Newly released data by Statistics Canada show that in 2017 in most provinces the number of people considered poor decreased.
Canada-wide, the percentage of persons living below Canada’s official poverty line in 2017 declined to 9.5% from 10.6% the year before.
Unfortunately, Nova Scotia has nothing to celebrate.
With 12.8% of its population living in poverty Nova Scotia is number one in terms of the percentage of people deemed poor by the Statistics Canada definition.
Even more sadly, Nova Scotia is also number one in child poverty, with with 17.1% of people younger than 18 considered poor.

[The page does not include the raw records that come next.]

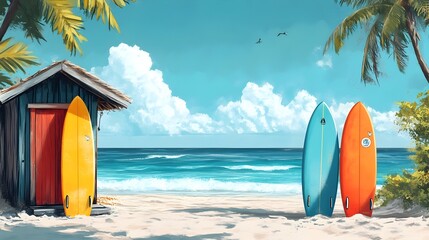 Vibrant Surfboard Beach Hut Scene with Turquoise Ocean Backdrop in Style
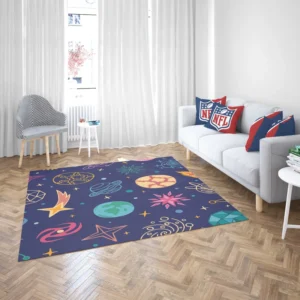 Planets Tail star Pattern Rug 2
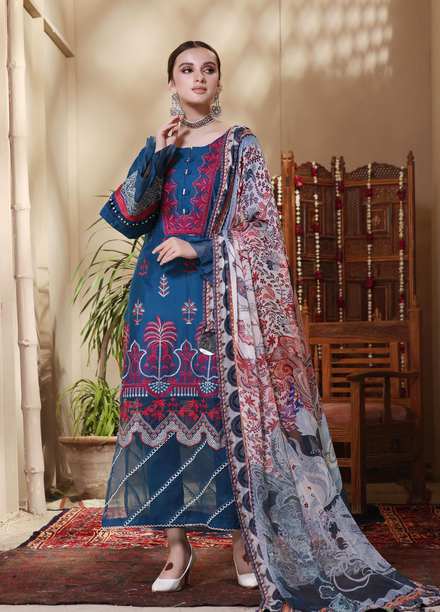 Daud Abbas Embroidered Lawn Suits Unstitched 3 Piece DA22BBE LEC-1002 Afsaneh - Luxury Festive Collection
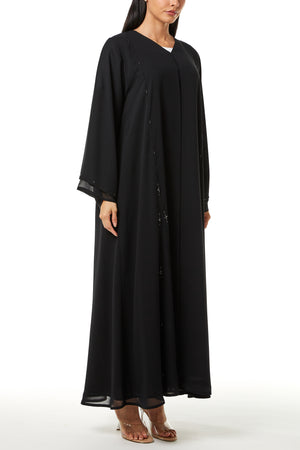 Black Malika Chiffon Custom Abaya, Front Panel and Sleeve Beadwork Detail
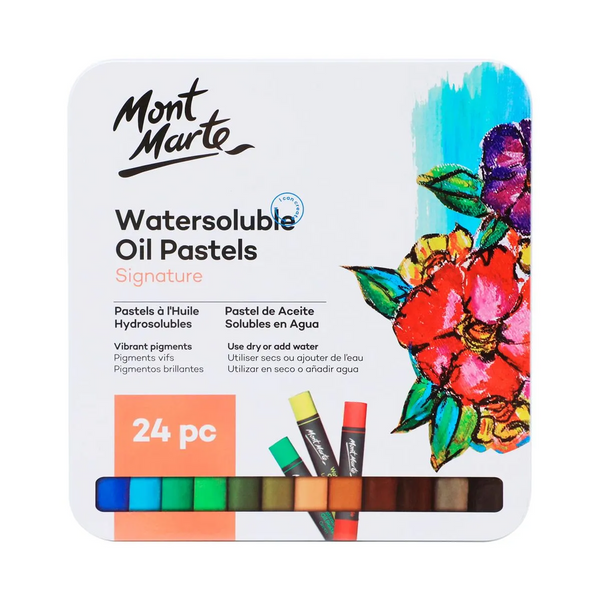 Mont Marte Watersoluble Oil Pastels 24pc in Tin Box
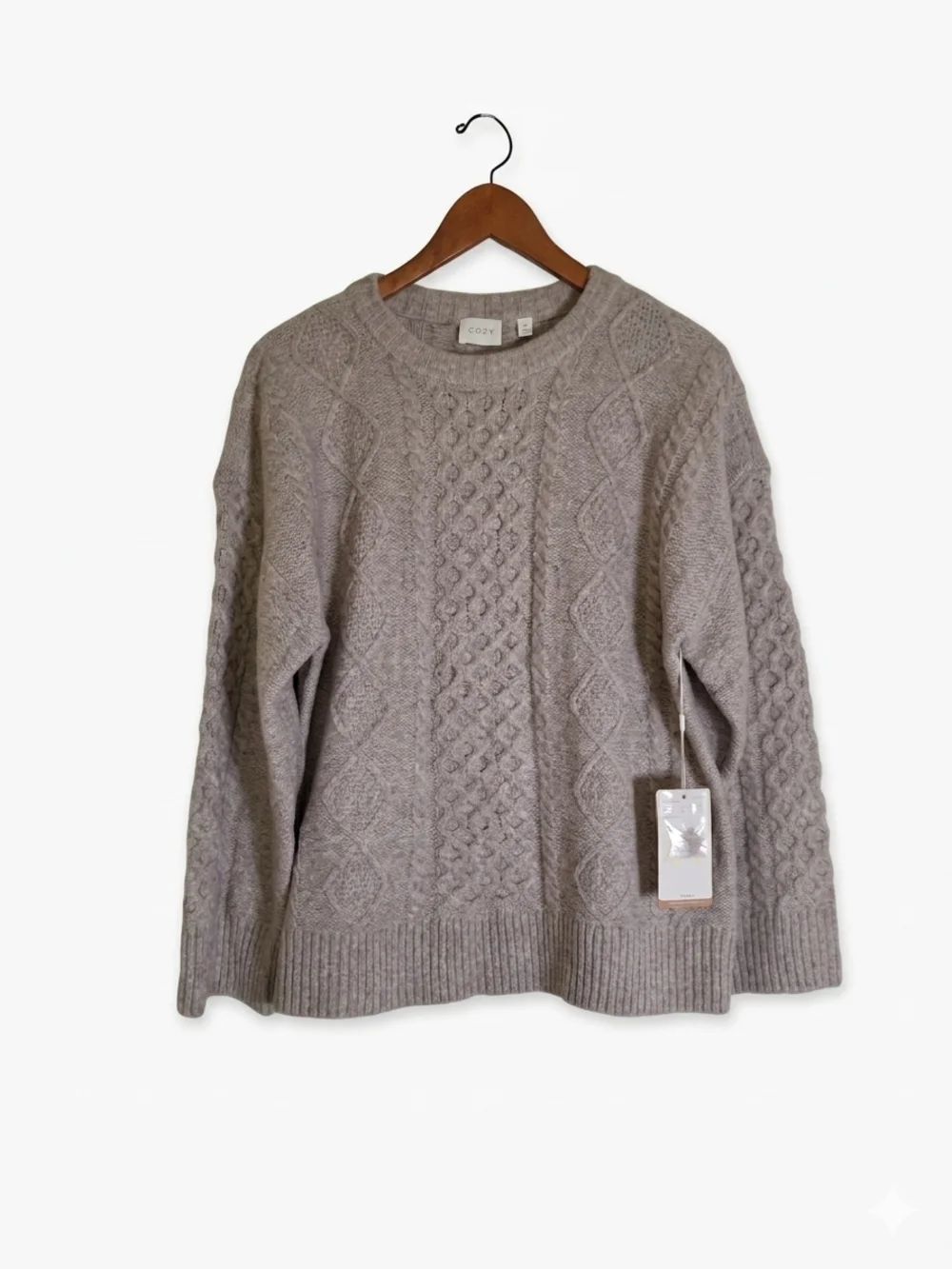 NWT Cyrus Diamond Cable Knit Tan Crewneck Pullover Sweater Size S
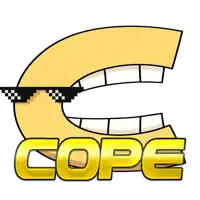 a cartoon drawing of a letter c with the word cope below it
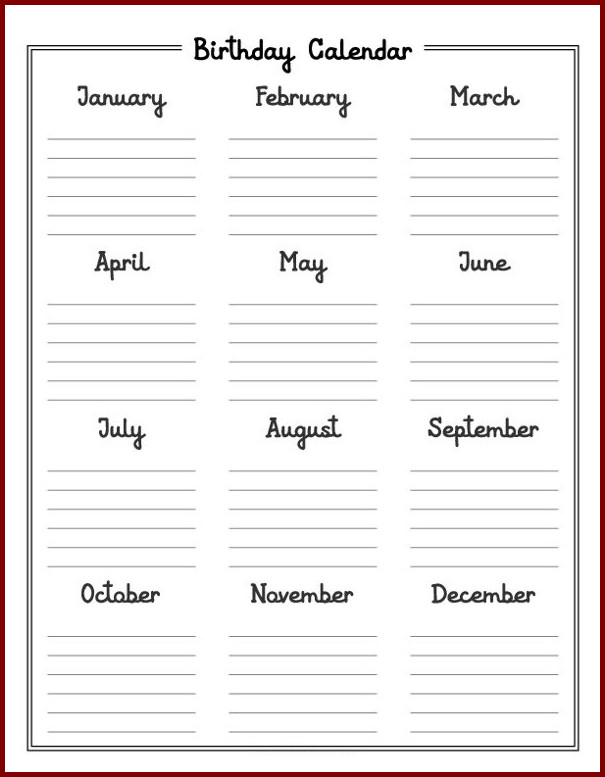 Birthday Calendar Template Example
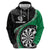 Personalised New Zealand Darts Hoodie Koru Tribal Tattoo and Silver Fern Maori Pattern Green Color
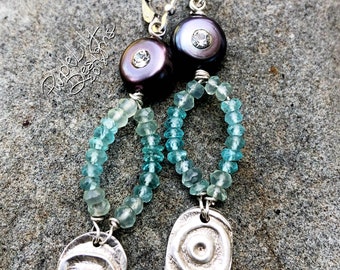 Sterling Silver, Apatite, Chalcedony, & Pearl earrings, ThePurpleLilyDesigns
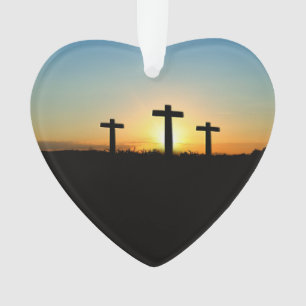 The Crucifixion Crosses at Sunset Ornament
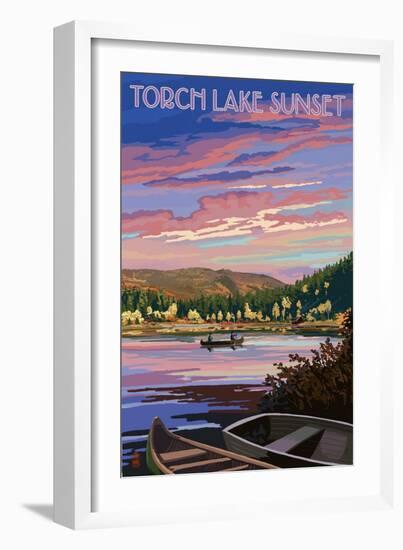 Torch Lake, Michigan - Lake Scene at Dusk-Lantern Press-Framed Art Print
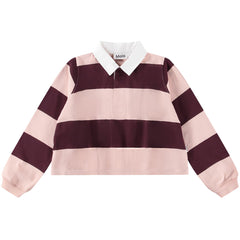 Rozalia Polo from Molo in blush pink and burgundy stripes with white collar and long sleeves.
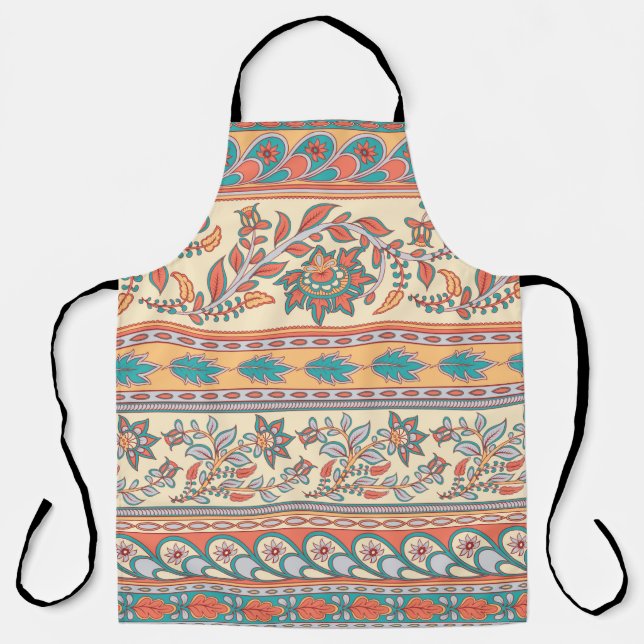 Decorative seamless pattern of borders with flower apron (Front)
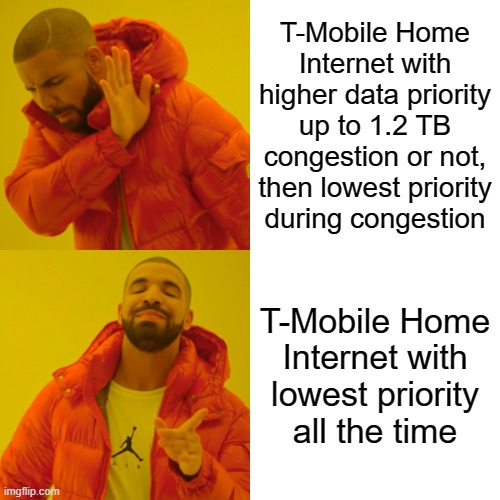 Drake Hotline Bling Meme | T-Mobile Home Internet with higher data priority up to 1.2 TB congestion or not, then lowest priority during congestion; T-Mobile Home Internet with lowest priority all the time | image tagged in memes,drake hotline bling | made w/ Imgflip meme maker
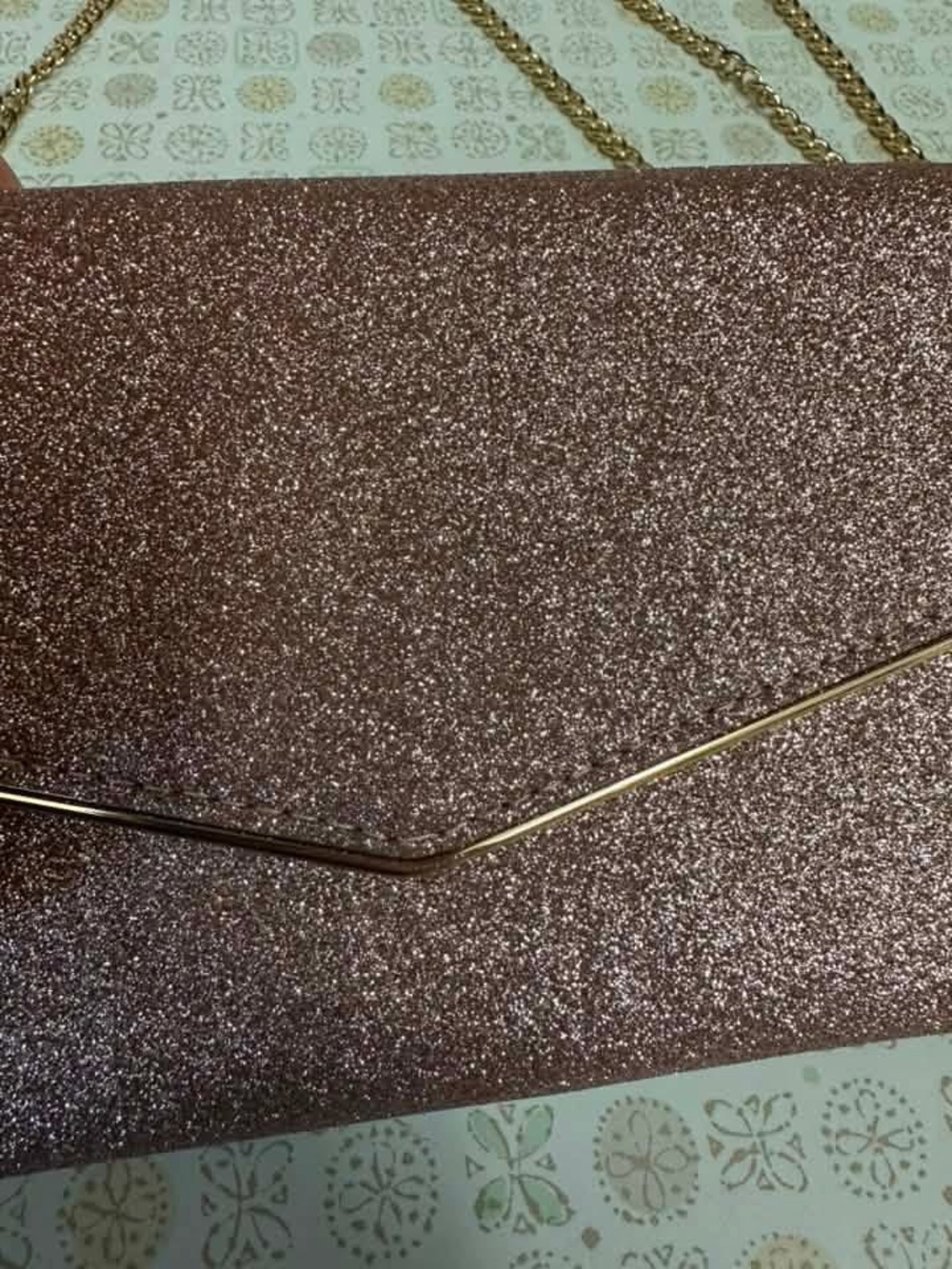 Madison West Rose Gold Glitter Envelope Clutch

That number actually went up substantially from 2016, when it was sitting at 14%.
We do need to put an asterisk beside these numbers, in that many poverty advocates will make a valid argument that they are higher across the board.
No doubt the department of Community Services will ask for our patience as its social services transformation initiative will make everything better. But that tune is getting a bit old.
What the Canada-wide decrease shows is that poverty isn’t this mysterious phenomenon that just happens, much like the weather.
For instance, it is no coincidence that the province with the highest poverty rates has the lowest minimum wage in Canada.
There is a reason that in 2017 a mere 4.9% (and Nova Scotia’s 3.4%) of people older than 65 are considered poor. That reason is called good policy.
As food security expert Valerie Tarasuk explained in a 2018 interview: “The only thing that changes is that these people become eligible for old age pension and guaranteed income supplements.”
“For somebody on welfare it will be double what they were getting before, and it will be indexed to inflation. It will typically come with full drug benefits. What happens is that we have an income floor. It’s not perfect. But there is strong relationship that when you give people an income floor that is closer to adequate than it dramatically drops the risk of food insecurity,” Tarasuk said.
Similarly, the CBC reports that in terms of child poverty, with a decline between 2015 and 2017 of 10% to 5%, Alberta saw one of the most dramatic reductions in the past two years on record.
Economist Trevor Tombe says that phenomenal decline is largely due to the Canada Child Benefit introduced by the federal Liberal government and the Alberta Child Benefit.
“So those two policies, combined, really dramatically increase the amount of child benefits that Alberta families receive,” Tombe said in the CBC story.
The increase amounts to “a little more than double” what low-income families were receiving in 2014, Tombe said.